From the line containing "FESTA WOW Lampadine" through the last line of the material, copy every line exactly, both ends inclusive; do not copy pictures.

• [Task material]
____________________

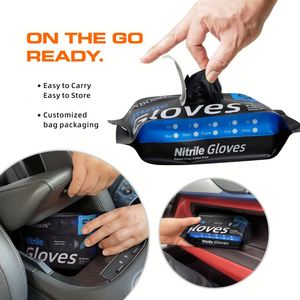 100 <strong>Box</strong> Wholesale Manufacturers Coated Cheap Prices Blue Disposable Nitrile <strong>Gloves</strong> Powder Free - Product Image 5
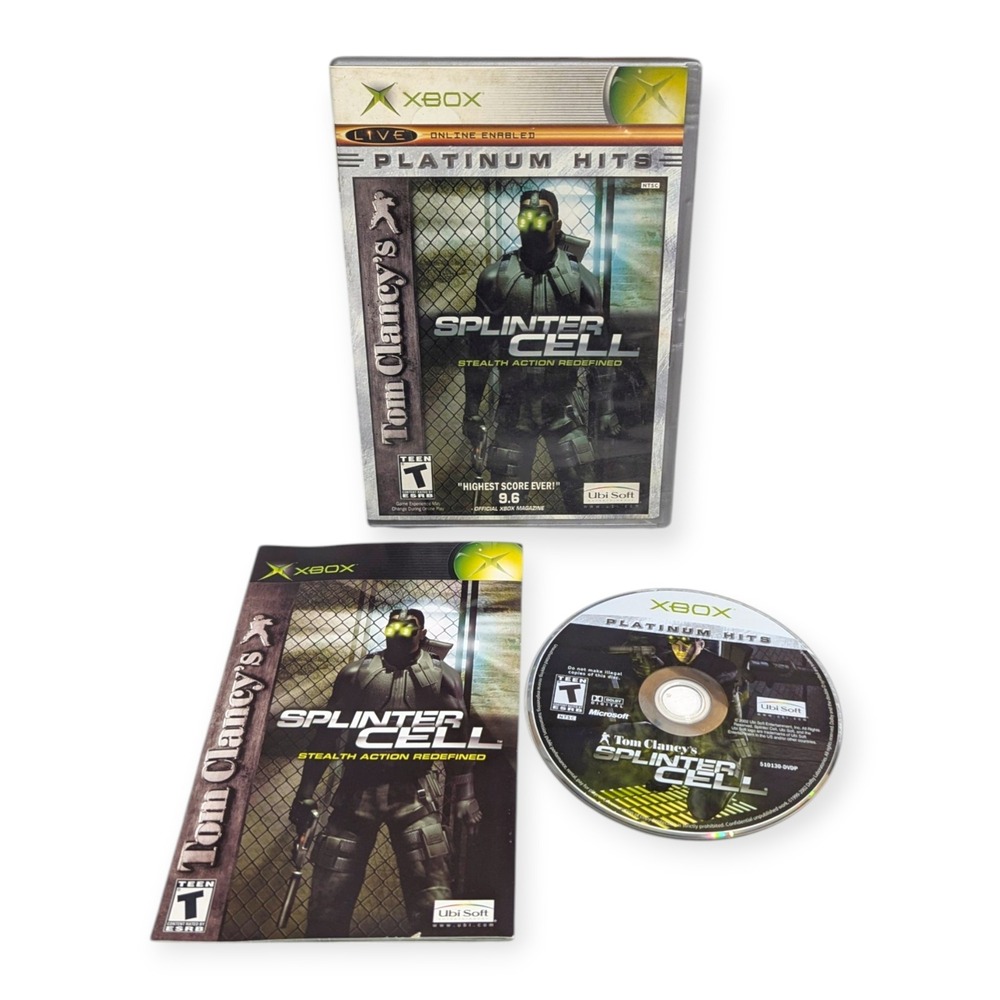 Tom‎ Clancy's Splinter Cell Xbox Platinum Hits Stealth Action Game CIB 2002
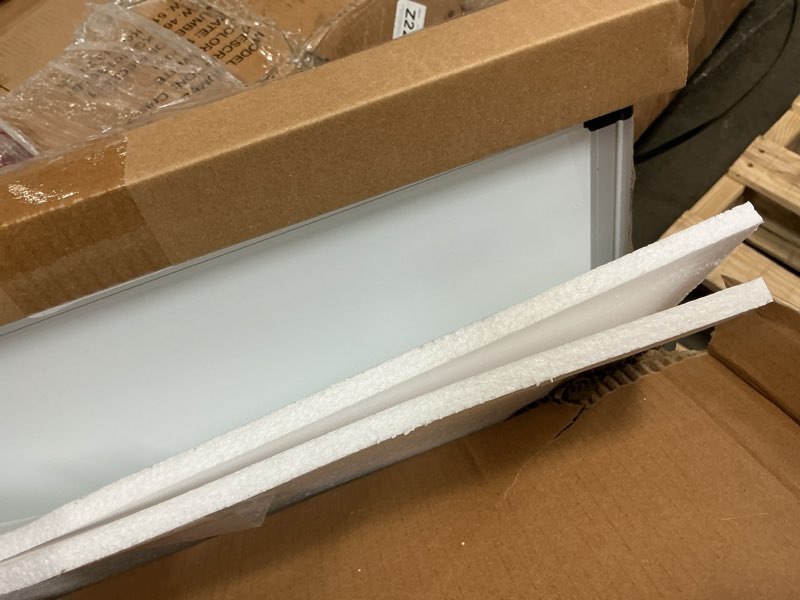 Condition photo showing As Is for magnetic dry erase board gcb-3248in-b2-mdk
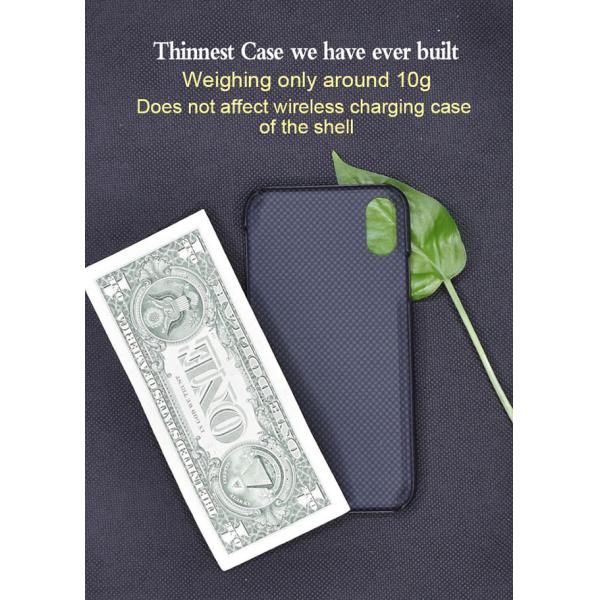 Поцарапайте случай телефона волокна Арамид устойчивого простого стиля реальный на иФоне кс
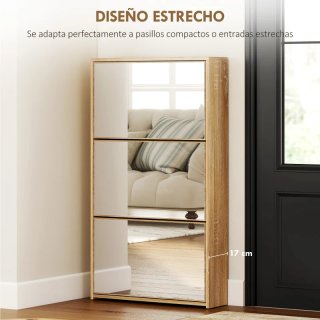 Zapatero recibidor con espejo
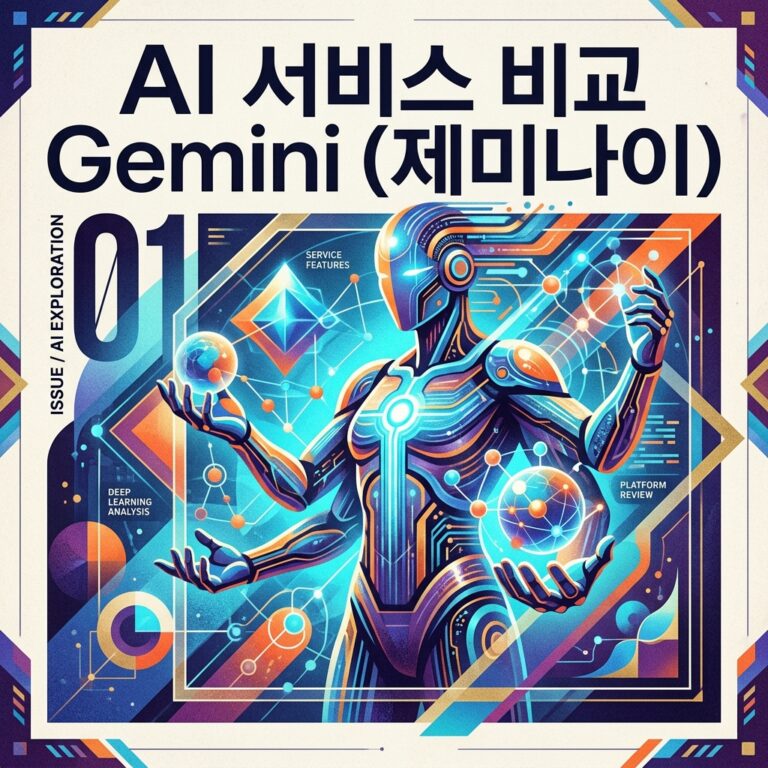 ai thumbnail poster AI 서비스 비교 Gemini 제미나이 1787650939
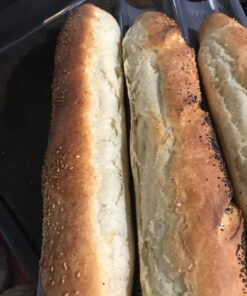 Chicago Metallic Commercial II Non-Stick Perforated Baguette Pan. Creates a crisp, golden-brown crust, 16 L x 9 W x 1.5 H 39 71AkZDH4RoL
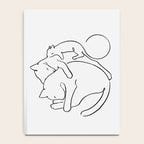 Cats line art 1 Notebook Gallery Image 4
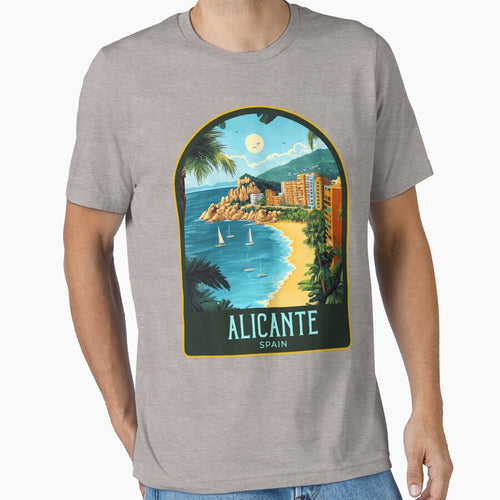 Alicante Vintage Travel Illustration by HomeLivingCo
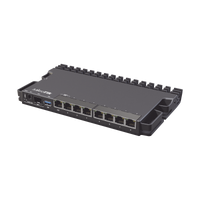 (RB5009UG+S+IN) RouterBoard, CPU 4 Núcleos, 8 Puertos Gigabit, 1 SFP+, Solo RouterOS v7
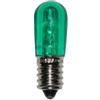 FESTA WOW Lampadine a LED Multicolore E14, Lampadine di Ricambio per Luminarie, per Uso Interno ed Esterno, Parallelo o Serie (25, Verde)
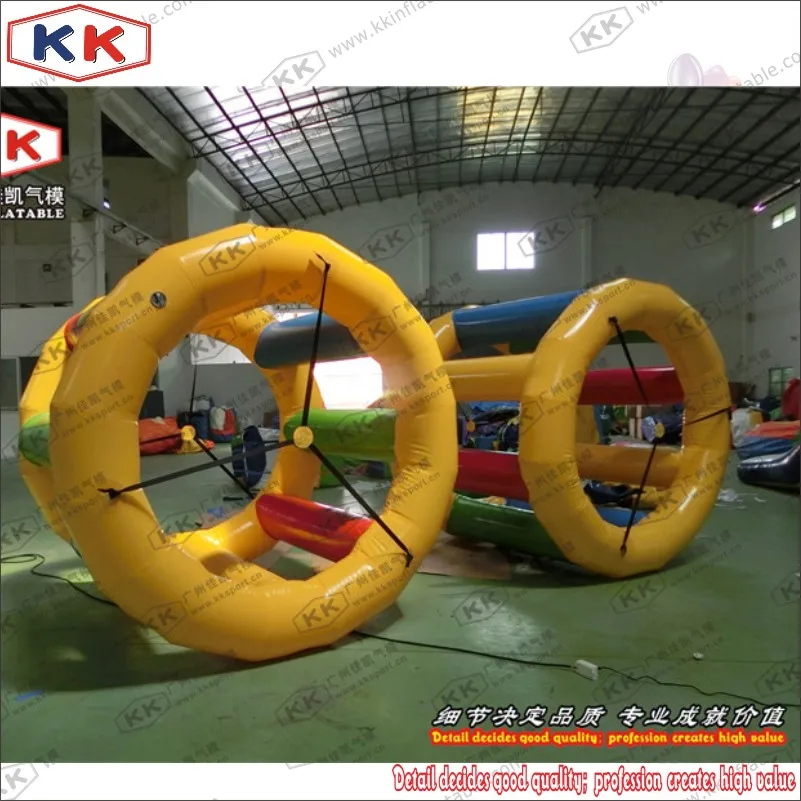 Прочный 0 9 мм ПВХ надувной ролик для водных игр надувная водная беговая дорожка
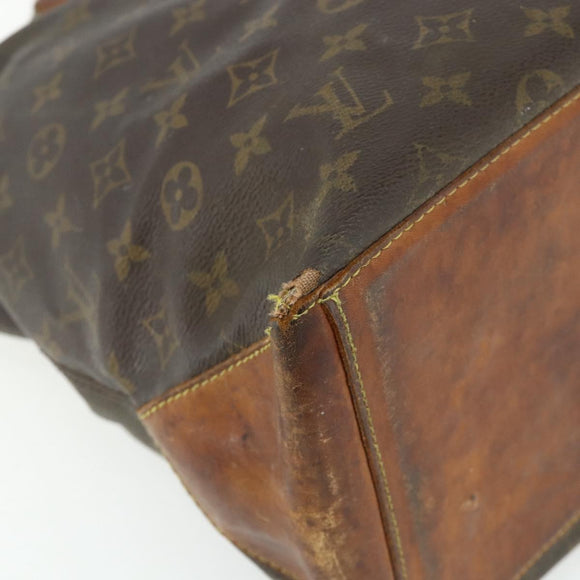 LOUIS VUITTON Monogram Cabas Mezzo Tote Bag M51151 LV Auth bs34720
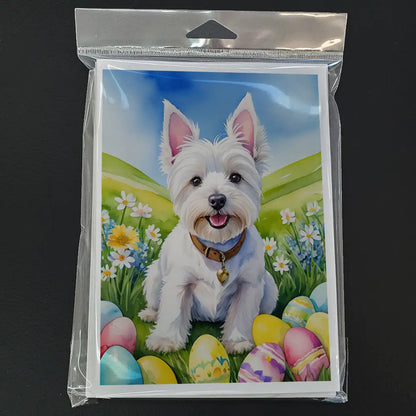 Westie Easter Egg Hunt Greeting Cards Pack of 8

____________________

• [Final answer]
 FESTA WOW Lampadine a LED Multicolore E14, Lampadine di Ricambio per Luminarie, per Uso Interno ed Esterno, Parallelo o Serie (25, Verde)
 Прочный 0 9 мм ПВХ надувной ролик для водных игр надувная водная беговая дорожка
 LOUIS VUITTON Monogram Cabas Mezzo Tote Bag M51151 LV Auth bs34720
 Westie Easter Egg Hunt Greeting Cards Pack of 8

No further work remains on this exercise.